We venerate relics because the bodies of the saints remain holy after death. The Holy Spirit dwelt in them during life, and that holiness doesn’t evaporate when they die. Their bodies were temples of God, and they still are.
This sounds strange to most people in Southeast Texas. If you grew up Baptist or Church of Christ, you probably learned that what matters is the soul, and the body is just a shell we leave behind. But that’s not what the Church has ever taught. Christianity isn’t about escaping the body. It’s about the body being redeemed, transfigured, made holy.
The Incarnation changes everything. When God became flesh in Jesus Christ, He didn’t just visit matter like a tourist. He united divinity with humanity, and that includes our physical bodies. St. Paul calls our bodies temples of the Holy Spirit. He wasn’t speaking metaphorically. The saints took this seriously. They fasted, they kept vigil, they trained their bodies in prayer and discipline. Their flesh became saturated with grace.
And then they died. But death doesn’t undo what grace accomplished.
Scripture shows us this. When a dead man’s body touched the bones of the prophet Elisha, the man came back to life. The bones weren’t magic. They were holy because Elisha was holy, and God worked through them. In the New Testament, people were healed by touching Paul’s handkerchiefs and aprons. The early Christians knew that holiness isn’t confined to the immaterial. It fills everything about a person who’s been united to God.
So we keep the relics of the saints. We place them in our altars. We kiss them. We ask the saints to pray for us through that physical connection. This isn’t worship. We don’t pray to the relics. We venerate them the way you’d kiss a photograph of someone you love, or keep your grandmother’s Bible after she’s gone. The honor passes through the relic to the saint, and through the saint to Christ.

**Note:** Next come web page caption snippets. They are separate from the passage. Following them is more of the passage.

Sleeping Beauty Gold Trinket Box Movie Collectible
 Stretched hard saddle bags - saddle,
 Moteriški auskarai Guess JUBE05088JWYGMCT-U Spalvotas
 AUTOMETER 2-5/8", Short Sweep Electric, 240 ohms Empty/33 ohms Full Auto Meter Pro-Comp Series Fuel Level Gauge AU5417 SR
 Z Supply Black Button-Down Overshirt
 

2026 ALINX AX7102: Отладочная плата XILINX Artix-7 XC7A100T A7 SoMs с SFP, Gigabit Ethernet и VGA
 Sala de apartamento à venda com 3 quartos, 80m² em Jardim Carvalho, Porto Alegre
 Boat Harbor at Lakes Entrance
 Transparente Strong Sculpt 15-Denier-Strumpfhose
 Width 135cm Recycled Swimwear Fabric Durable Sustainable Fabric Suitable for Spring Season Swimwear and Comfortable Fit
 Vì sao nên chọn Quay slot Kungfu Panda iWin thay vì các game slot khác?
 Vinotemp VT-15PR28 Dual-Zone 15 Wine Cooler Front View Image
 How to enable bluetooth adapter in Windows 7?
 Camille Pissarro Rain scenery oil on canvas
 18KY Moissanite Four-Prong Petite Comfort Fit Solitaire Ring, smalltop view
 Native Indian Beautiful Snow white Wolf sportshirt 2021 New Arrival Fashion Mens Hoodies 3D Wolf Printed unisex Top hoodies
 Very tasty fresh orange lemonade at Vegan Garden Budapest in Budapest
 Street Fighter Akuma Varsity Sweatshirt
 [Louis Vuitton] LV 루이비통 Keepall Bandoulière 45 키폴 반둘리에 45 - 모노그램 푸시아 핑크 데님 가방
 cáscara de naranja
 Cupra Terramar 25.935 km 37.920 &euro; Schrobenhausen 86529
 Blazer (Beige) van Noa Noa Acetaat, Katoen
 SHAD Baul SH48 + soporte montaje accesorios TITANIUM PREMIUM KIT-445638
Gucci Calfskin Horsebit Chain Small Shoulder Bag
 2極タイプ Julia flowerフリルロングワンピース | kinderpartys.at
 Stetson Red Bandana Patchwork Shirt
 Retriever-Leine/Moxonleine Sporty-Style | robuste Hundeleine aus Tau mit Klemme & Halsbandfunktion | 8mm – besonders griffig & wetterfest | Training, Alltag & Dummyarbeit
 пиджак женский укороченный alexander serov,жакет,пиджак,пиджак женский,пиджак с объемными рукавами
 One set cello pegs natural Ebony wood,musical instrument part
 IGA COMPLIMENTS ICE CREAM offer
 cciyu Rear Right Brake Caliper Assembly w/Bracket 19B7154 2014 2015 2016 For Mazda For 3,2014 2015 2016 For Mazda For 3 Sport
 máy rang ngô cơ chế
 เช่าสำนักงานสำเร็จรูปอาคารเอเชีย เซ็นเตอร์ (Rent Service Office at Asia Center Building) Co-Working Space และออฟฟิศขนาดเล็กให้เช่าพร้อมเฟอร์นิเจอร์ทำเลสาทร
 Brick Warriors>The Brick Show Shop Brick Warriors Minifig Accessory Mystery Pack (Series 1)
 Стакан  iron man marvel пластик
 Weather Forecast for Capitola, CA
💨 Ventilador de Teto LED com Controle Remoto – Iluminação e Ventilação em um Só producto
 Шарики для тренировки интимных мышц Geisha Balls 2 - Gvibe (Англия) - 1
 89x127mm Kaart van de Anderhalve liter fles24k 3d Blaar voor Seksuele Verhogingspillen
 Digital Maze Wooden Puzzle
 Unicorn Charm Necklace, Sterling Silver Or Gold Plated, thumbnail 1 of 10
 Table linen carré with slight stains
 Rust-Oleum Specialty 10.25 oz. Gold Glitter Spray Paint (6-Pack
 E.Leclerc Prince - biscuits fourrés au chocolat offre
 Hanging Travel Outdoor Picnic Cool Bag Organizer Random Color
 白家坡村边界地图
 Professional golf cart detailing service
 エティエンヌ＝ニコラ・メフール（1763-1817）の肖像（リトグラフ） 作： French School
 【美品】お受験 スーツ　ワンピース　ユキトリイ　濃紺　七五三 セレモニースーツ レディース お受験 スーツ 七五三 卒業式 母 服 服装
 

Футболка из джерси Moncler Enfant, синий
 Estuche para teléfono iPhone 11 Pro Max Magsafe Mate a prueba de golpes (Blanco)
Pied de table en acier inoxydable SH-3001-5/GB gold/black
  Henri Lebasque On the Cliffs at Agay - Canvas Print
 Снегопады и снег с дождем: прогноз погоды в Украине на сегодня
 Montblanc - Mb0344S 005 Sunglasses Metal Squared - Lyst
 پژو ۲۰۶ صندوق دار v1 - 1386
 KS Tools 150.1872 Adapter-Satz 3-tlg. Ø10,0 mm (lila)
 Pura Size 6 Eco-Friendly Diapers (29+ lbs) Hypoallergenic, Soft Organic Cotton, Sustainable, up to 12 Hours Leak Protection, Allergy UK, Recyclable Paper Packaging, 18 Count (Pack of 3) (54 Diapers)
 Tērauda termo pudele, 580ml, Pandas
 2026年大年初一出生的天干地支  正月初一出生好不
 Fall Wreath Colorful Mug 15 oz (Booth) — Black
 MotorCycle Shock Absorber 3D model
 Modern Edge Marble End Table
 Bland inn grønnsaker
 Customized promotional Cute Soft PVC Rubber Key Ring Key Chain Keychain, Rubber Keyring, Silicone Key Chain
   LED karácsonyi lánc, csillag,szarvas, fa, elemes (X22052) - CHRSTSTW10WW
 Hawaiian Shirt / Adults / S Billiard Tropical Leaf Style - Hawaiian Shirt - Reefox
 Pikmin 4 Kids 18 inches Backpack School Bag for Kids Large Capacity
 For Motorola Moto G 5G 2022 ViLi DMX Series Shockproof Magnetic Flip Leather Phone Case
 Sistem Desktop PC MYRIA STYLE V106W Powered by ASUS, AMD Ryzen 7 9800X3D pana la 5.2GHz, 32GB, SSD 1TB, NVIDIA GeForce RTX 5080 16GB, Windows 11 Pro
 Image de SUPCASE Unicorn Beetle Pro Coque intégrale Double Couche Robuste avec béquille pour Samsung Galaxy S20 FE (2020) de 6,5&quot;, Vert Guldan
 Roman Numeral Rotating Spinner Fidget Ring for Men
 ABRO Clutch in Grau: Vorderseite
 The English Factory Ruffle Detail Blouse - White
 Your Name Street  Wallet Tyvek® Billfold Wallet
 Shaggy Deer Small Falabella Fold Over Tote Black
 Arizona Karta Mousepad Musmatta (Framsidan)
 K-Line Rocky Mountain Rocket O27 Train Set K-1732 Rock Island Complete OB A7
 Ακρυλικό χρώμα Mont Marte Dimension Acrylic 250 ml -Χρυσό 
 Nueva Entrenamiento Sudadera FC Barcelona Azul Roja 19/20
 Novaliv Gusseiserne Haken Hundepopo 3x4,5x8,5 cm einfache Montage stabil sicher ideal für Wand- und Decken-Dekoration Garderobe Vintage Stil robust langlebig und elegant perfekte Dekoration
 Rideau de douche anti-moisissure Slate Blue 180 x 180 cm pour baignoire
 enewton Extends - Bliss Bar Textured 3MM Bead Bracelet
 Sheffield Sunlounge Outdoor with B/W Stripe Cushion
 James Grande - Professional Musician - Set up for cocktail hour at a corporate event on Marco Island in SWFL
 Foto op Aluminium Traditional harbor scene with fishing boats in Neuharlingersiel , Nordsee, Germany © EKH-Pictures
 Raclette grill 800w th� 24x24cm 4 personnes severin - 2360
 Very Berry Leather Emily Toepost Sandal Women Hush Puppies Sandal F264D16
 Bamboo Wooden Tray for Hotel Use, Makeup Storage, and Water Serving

The Seventh Ecumenical Council in 787 settled this question when it defended both icons and relics against those who wanted to strip the Church of anything physical. The Council declared that relics are “salvation-bearing sources” of grace. It said that any bishop who refused to place relics in his altar should be deposed. This wasn’t a minor issue. It was about whether matter itself can be redeemed, whether the Incarnation really means what we say it means.
St. John of Damascus wrote that we venerate matter filled with divine energy. The wood of the Cross. The tomb where Christ lay. The bones of martyrs who gave everything for Him. These things aren’t just historical artifacts. They’re points of contact with the life of the age to come.
When you visit St. Michael’s, you’ll see relics in the altar table. You might see a reliquary brought out for veneration on a feast day. You can kiss it, touch it, stand before it in prayer. You’re not doing something superstitious. You’re affirming that the saints are alive, that their bodies will be raised, that the whole person is being saved, not just some disembodied soul floating off to heaven.
This connects directly to theosis, our teaching that we’re being transformed into the likeness of God. The saints didn’t just believe the right things and go to heaven when they died. They became holy. All of them. Body and soul. Their relics prove it. Sometimes they’re incorrupt, which is its own witness. But even when they’re just bones, they’re holy bones. They smell of Paradise.
If you’re uncomfortable with this, you’re not alone. Most inquirers are. It feels Catholic, or medieval, or just weird. But it’s been the practice of the Church from the beginning. The early Christians gathered the bones of martyrs from the arena. They celebrated the Eucharist over their tombs. They knew these people weren’t gone. They were more alive than ever, and their bodies were still part of who they were.
We don’t worship relics any more than we worship icons. The Greek word for worship is latreia, and that belongs to God alone. What we offer to relics is doulia, honor or veneration. It’s the same respect you’d show a living saint, extended to their physical remains because death hasn’t separated them from the grace they received.
Next time you’re at Liturgy, remember that there are relics in that altar. Fragments of saints you’ve never heard of, maybe, or a piece of cloth that touched a martyr’s body. They’re there because the altar is where heaven and earth meet, where the Church triumphant and the Church militant are one. The saints aren’t just remembered. They’re present. And their relics are one more sign that God is making all things new, including these bodies of ours that will one day rise.